Трясясь глухой ночью на муле, халиф не мог избавиться от неотвязных дум. Ему казалось, что все, чем он владел в мире — халифат, власть, богатства, — не утешит, не облегчит тяжести обрушившегося на его род позора. К чему то-нущему в море земные сокровища! Волны захлестывают, тьма сгущается, ему бы крохотный кусочек земли, чтобы спастись, передохнуть. Но тщетно! Под ногами бездна…

Попадись ему в тот момент сестра, он бы не стал приказывать палачу, собственноручно убил бы ее.

— Будь ты проклята, прелюбодейка! — воскликнул он громко и, тут же подумав: «Как бы завтра я не нашел другой выход!», круто повернул мула.

Глава LVIII

НЕОЖИДАННОЕ ПОСЕЩЕНИЕ

Ночь была глухая и безлунная, — в такую ночь творятся черные дела…

Услышав позади себя шорох, Аббаса обернулась.

— Ой, Атба, ты что меня пугаешь?

Вгляделась и ахнула: губы у служанки были белее египетского полотна, волосы взъерошены, в уголках глаз застыли слезы, взгляд выражал ужас.

— Что с тобой? Никак ты плачешь? Дурные вести от визиря?

— Тихо! — не своим голосом прошептала Атба и потянула Аббасу к лестнице, что вела в парк. — Ради аллаха, сейида, ни звука!

— Дурные вести? — переспросила Аббаса, и сердце ее сжалось от боли. — Вернулся скороход?

— Тише! — выдохнула служанка. — Эмир правоверных!

Ноги у Аббасы подкосились. Чтобы не упасть, она прислонилась к балконной решетке. «Неужели гибель? Какой ужас! Зачем пришел брат?.. Дети останутся сиротами, бездомными и опозоренными». Где-то внутри рождался протест, он звучал громче и настойчивей: «Есть на свете справедливость! Надо выдержать и настоять на своем! Хасан и Хусейн должны продолжить наш род. Пусть брат только взглянет на них, он узнает в Хусейне самого себя!
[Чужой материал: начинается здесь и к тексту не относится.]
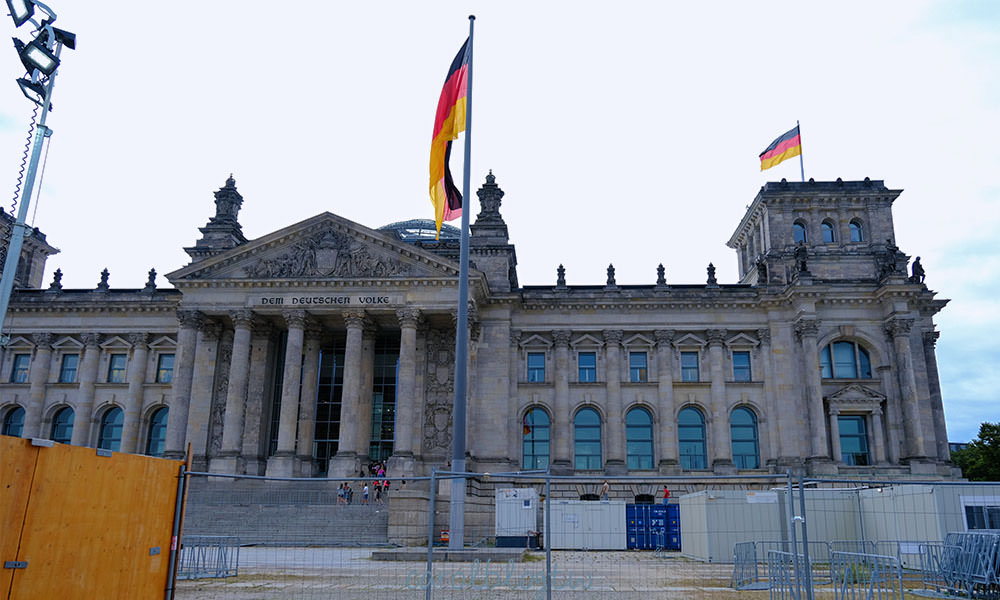 德國國會大廈入口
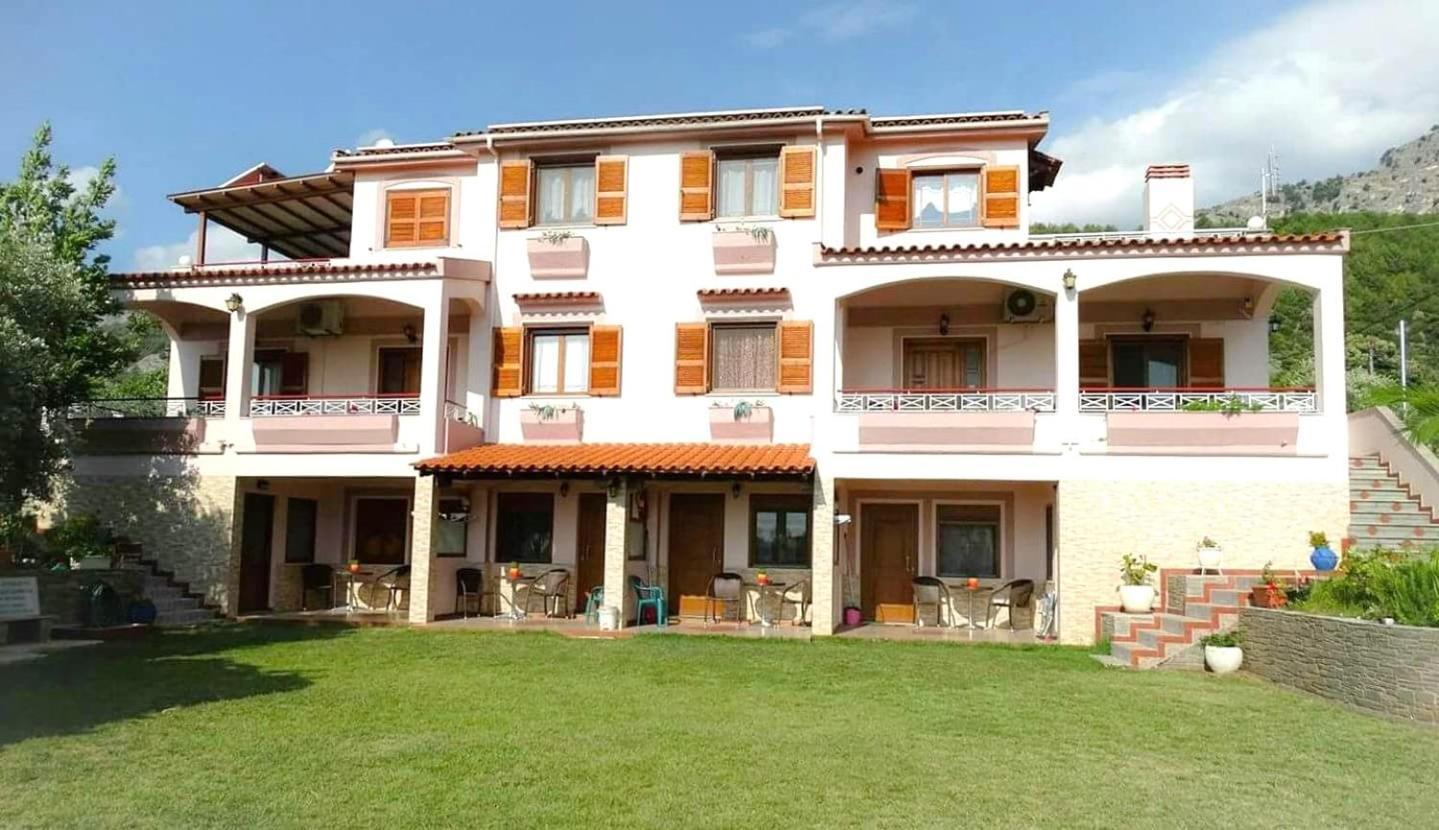 Villa Melina 1 基尼拉 外观 照片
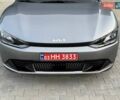 Сірий Кіа EV6, об'ємом двигуна 0 л та пробігом 9 тис. км за 27999 $, фото 20 на Automoto.ua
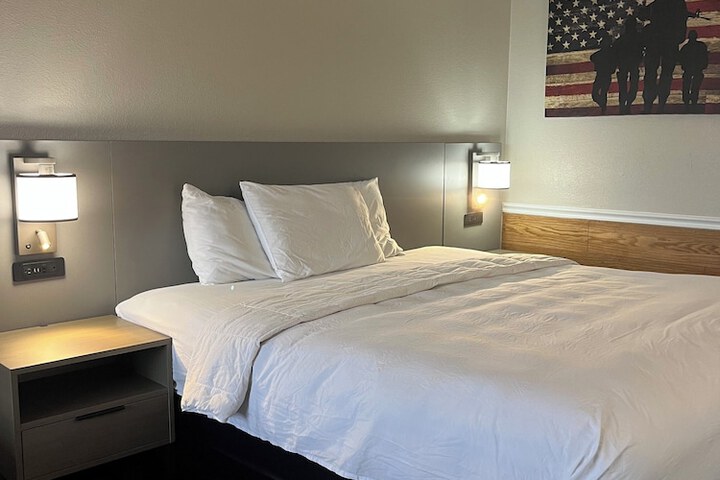 Room 2 of 10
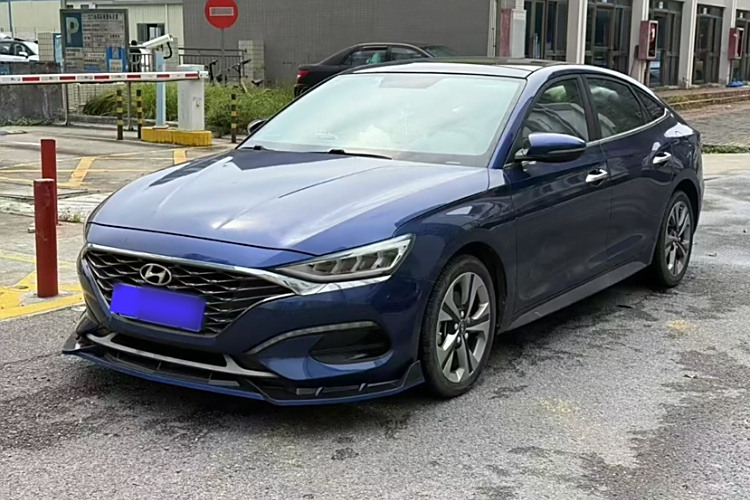 Hyundai Lafesta 2019 car image #2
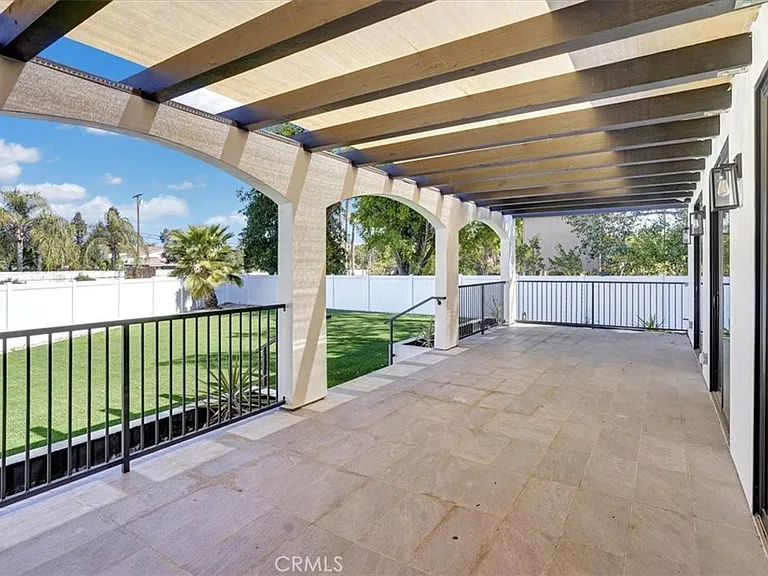5520 Woodlake Ave — Photo 37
Мальчик так похож на него!».

Скрывавшиеся в тайниках души, неведомые силы побороли слабость. Страха как не бывало. Аббаса выпрямилась, отдернула локоть, за который схватила ее Атба.
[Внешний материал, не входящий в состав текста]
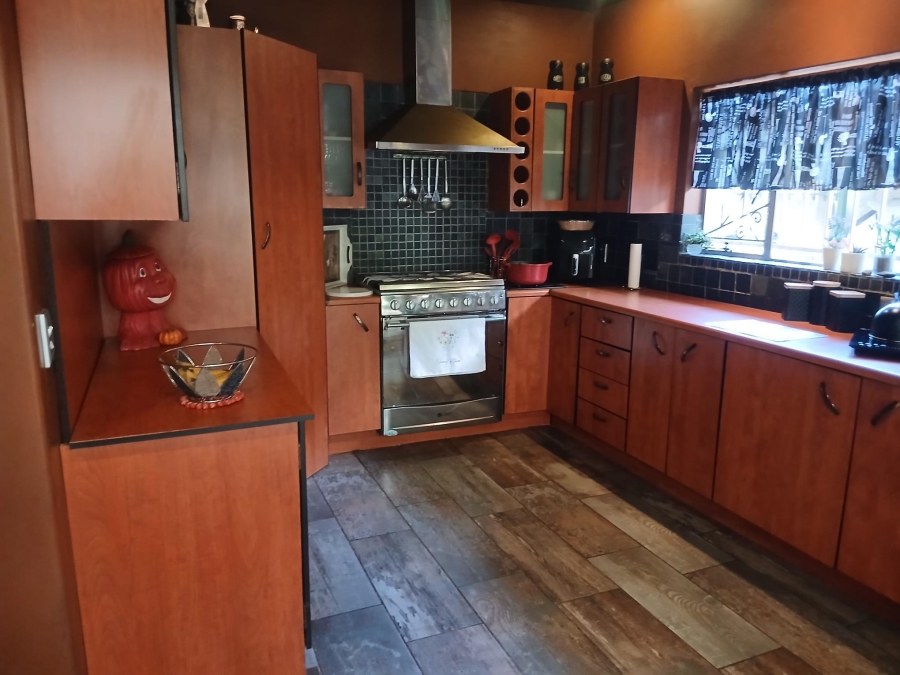 5 Bedroom Property for Sale in Birchleigh Gauteng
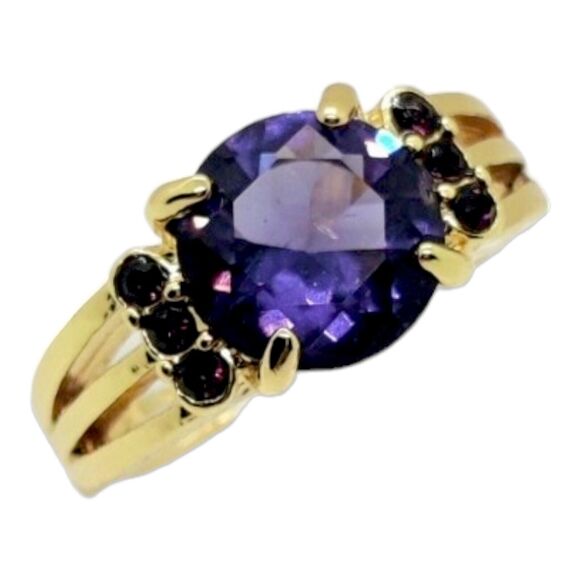 Womens Gold Tone Ring Size 8 Round Cut Solitaire Purple Rhinestone with Accents - Picture 5 of 6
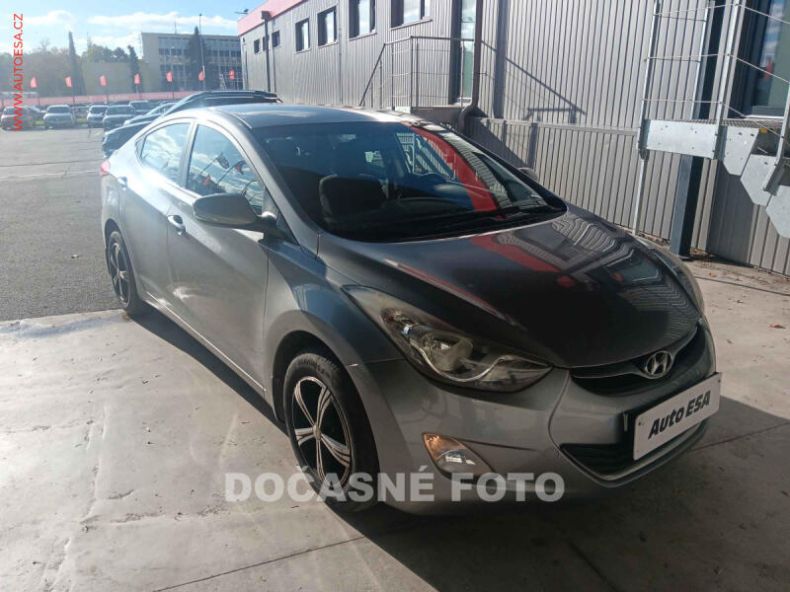 Hyundai Elantra - hlavní fotka inzerátu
— Нет! Сестра халифа не обратится в постыдное бегство. Бегут виновные. А я невинна перед аллахом. Это мой дворец, я его хозяйка, и мне бояться нечего. Оставь меня, я хочу поговорить с братом!

Со стороны галереи донесся стук деревянных сандалий. Аббаса нагнулась к служанке и скороговоркой прошептала на ухо:

— Пошли второго скорохода! Боюсь — гнев халифа обрушится на Джаафара. Пусть он удвоит свою охрану! Да поможет ему аллах!
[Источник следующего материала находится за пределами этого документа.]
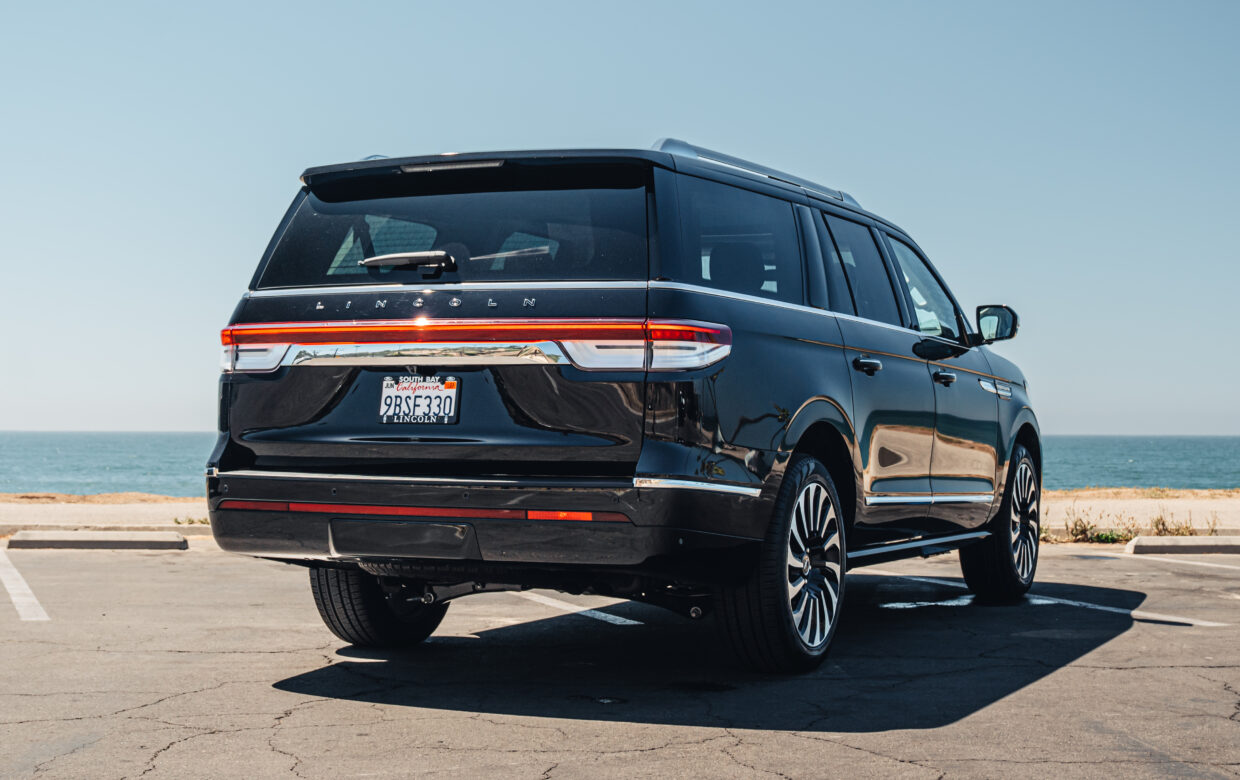 Lincoln Navigator Beverly Hills Car Rental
Подтолкнула Атбу, повернулась и медленно пошла навстречу халифу, увидела его, нахмуренного и злого, и приветливо проговорила, превозмогая боль в сердце:

— Посещение брата — большая честь для меня!

Он сделал вид, будто не видит и не слышит ее.

— Что привело тебя ко мне, брат? — спросила она, поблагодарив аллаха за то, что ее не подводит голос. «Никакой дрожи! Пусть брат знает, что я не боюсь его! Ожидание несчастья хуже самого несчастья! Коль горе уже пришло, с ним можно побороться!»